Methods: Seven boys and 4 girls were included (mean age: 6.8 years, range: 11 months to 16 years). IRS (after stereotactic biopsy) was considered to be indicated for circumscribed tumours with a diameter in the range of 3.5 cm (4 patients). In the case of larger tumours a combined microsurgical/radiosurgical approach was preferred (7 patients). Exclusively temporary Iodine-125 seeds were used (tumour dose calculated to the boundary: 55 Gy, dose rate: 10 cGy/h). Tumour location was hypothalamic/suprasellar in 4, lobar in 3, deep (thalamus, pineal gland) in 3, and within the brainstem in 2 children. Treatment effects of IRS were estimated according to the Macdonald criteria.

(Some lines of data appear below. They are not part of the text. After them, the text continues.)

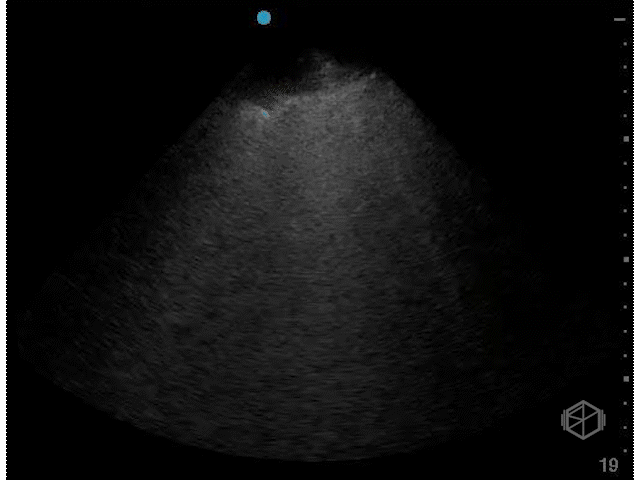 B'-profile — abolished lung sliding with B-lines, indicative of an acute interstitial syndrome (eg, ARDS or pneumonia).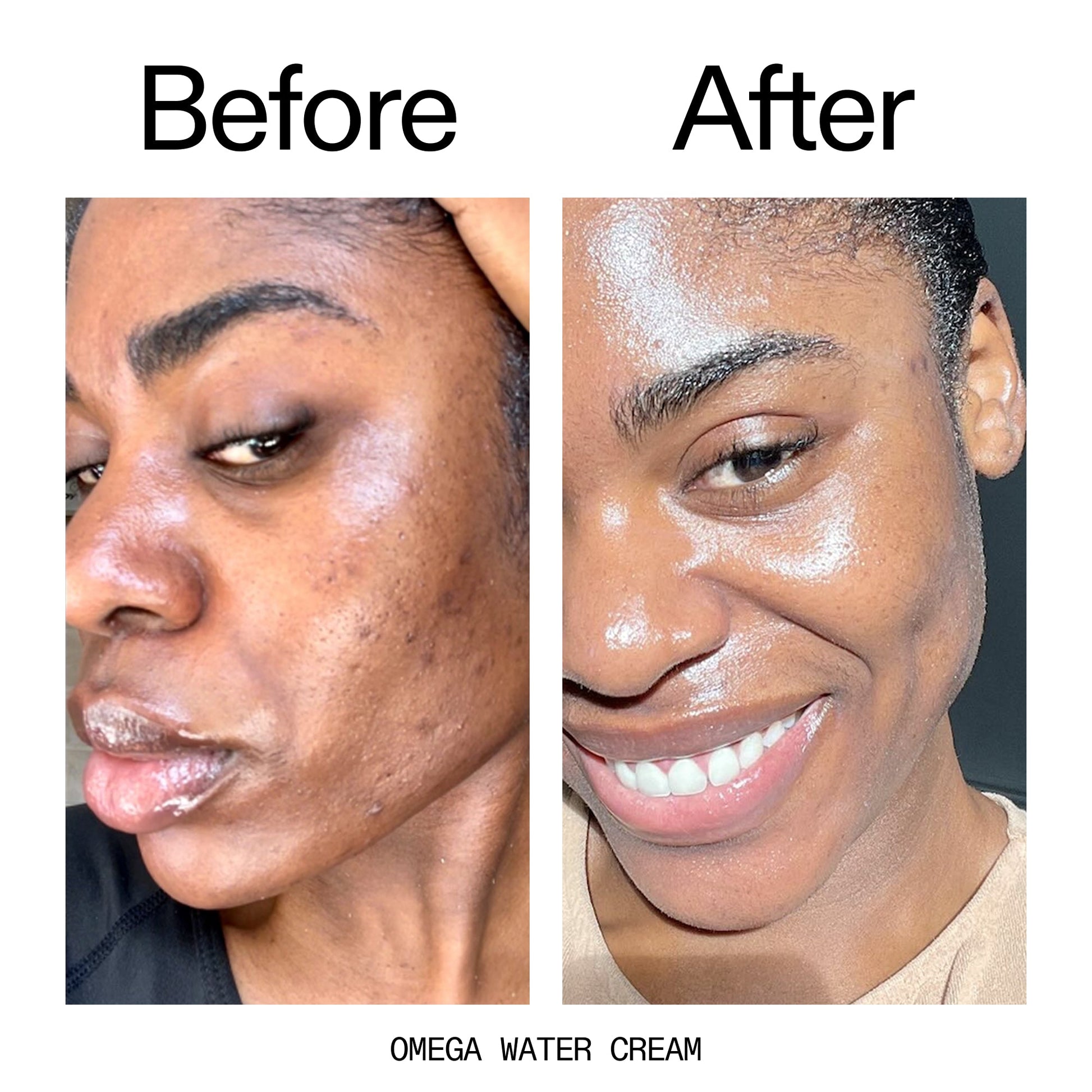 hydrating-cleanser-and-moisturizer-duo-i8 Omega_Water_Cream_Before_After_2000x2000_8e88278b-8c8d-48dc-ac77-4e98ebbd1b77.jpg
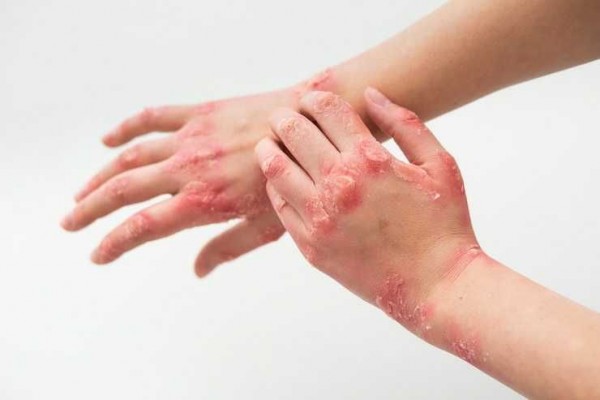 Penyakit Sifilis di Tabanan Didominasi Perempuan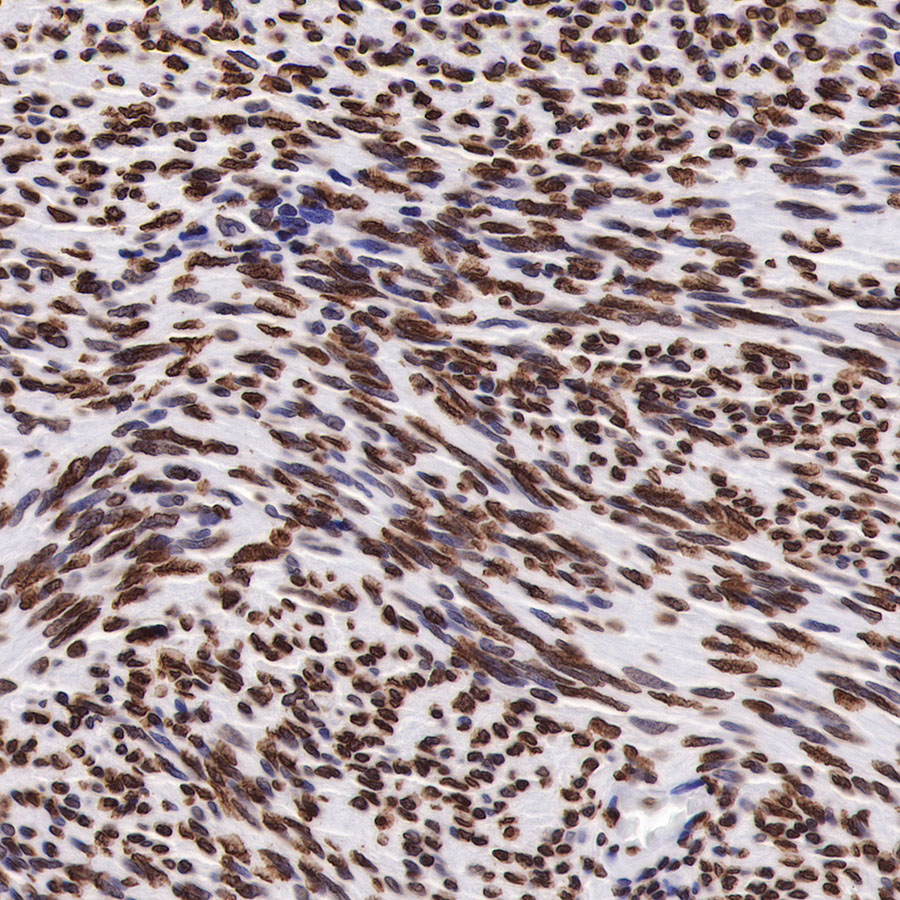 Rabbit anti-H3K27me3 Recombinant Monoclonal Antibody(431-118)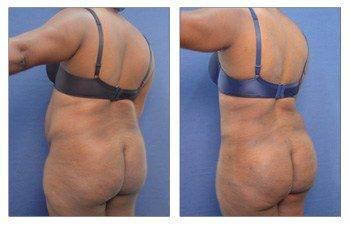 Tummy Tuck With 360 Body Contouring Tummy Tuck With 360 Body Contouring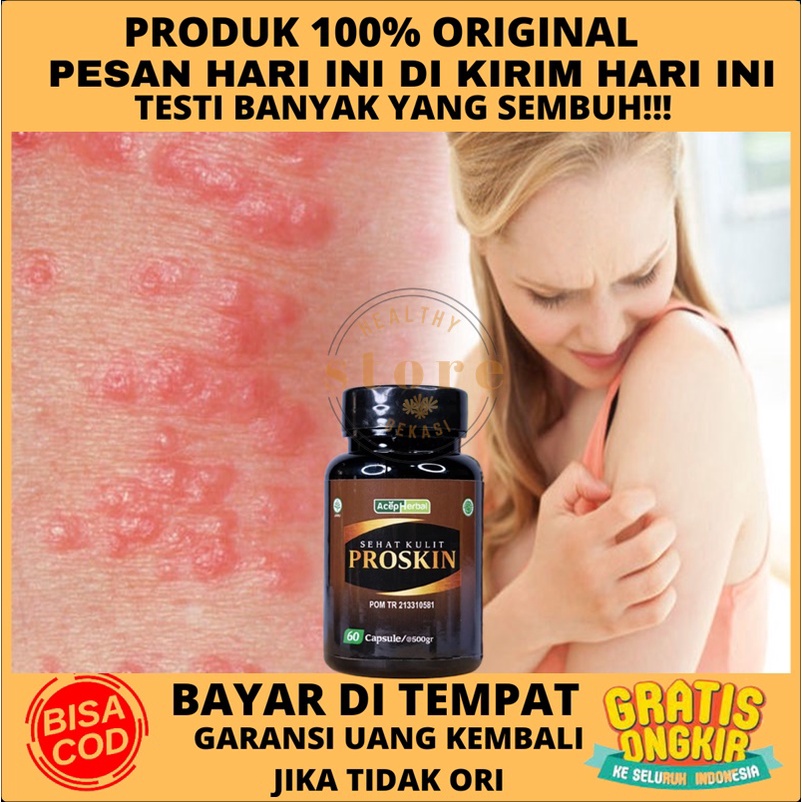 Jual Obat Scabies Manusia , Obat Gatal Karena Tungau, Obat Gatal ...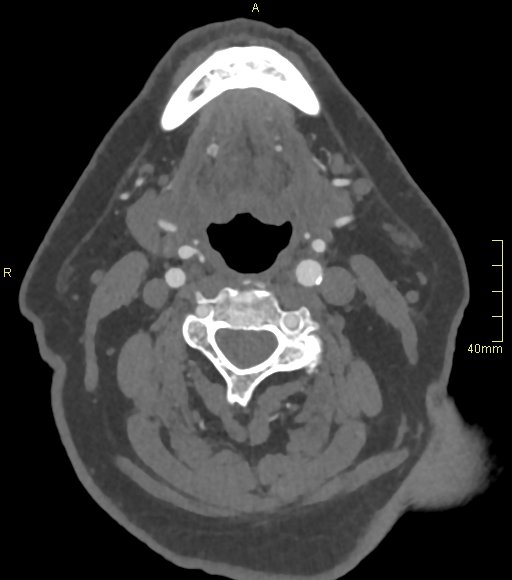 Basilar artery aneurysm (Radiopaedia 56261-62932 A 2).jpg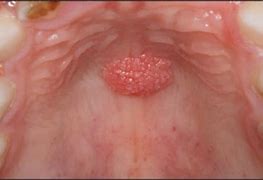 Image result for Squamous Papilloma Nose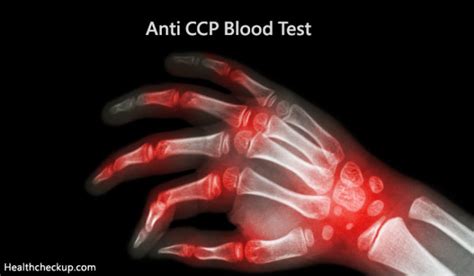 Anti-CCP Blood Test -Purpose, Procedure, Results and Normal Range by Dr ...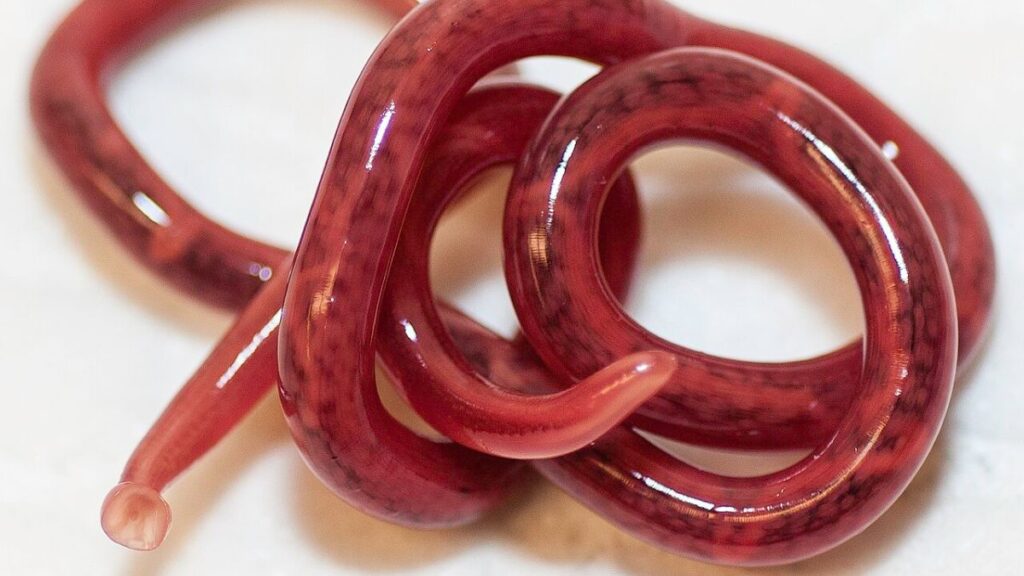 Unable to urinate for two days, a patient was found to have a 12-inch worm living in his kidney.
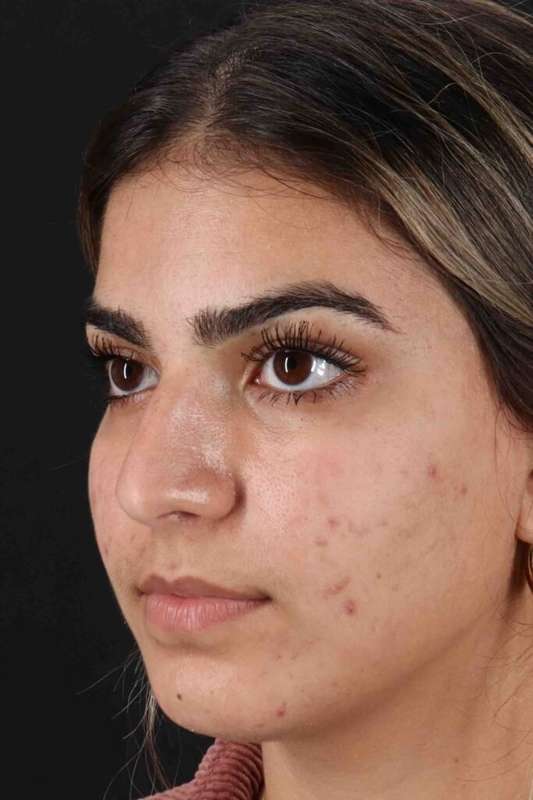 Rhinoplasty Before & After Patient #5958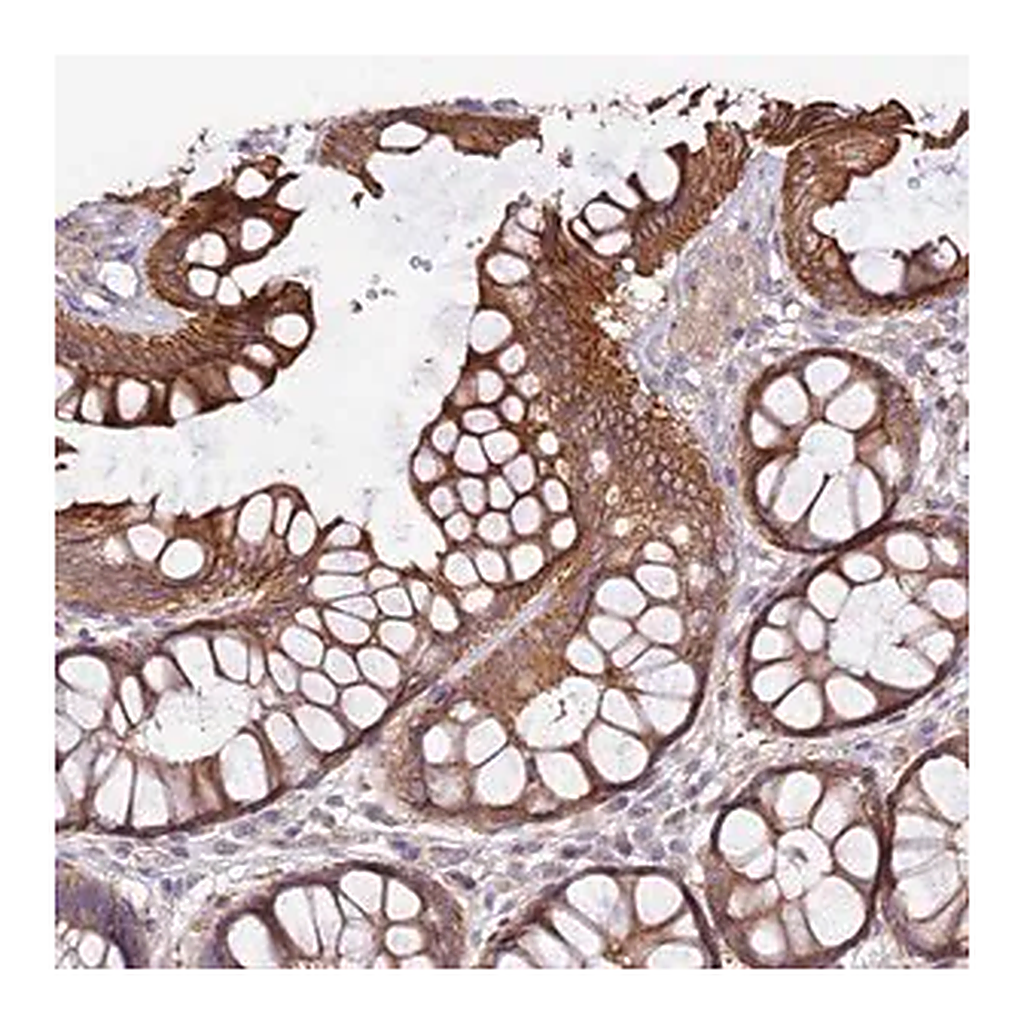 Merck Anti-VPS11 antibody produced in rabbit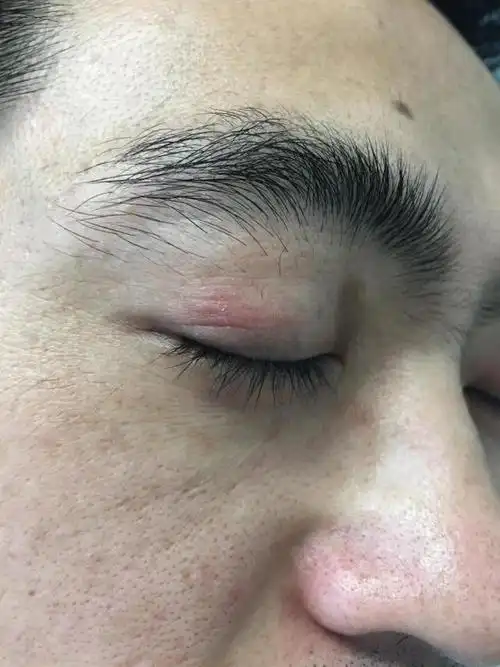 神经性皮炎怎样才能使它不复发(最令人讨厌的神经性皮炎)(1)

Results: A complete response after IRS was seen in 4 patients and a partial response in 7 patients (median follow-up: 31.5 months). There was no perioperative morbidity after microsurgery and/or IRS and no radiogenic complications occurred during the follow-up period. Five patients experienced an improvement of their deficits and no deterioration of neurological/endocrinological function was seen for any of the patients at the time of last follow-up evaluation.

Conclusions: IRS alone or in combination with microsurgery (in the case of larger tumours) is a safe, effective, and minimal invasive treatment strategy for eloquently located pediatric low-grade gliomas and deserves further prospective evaluation.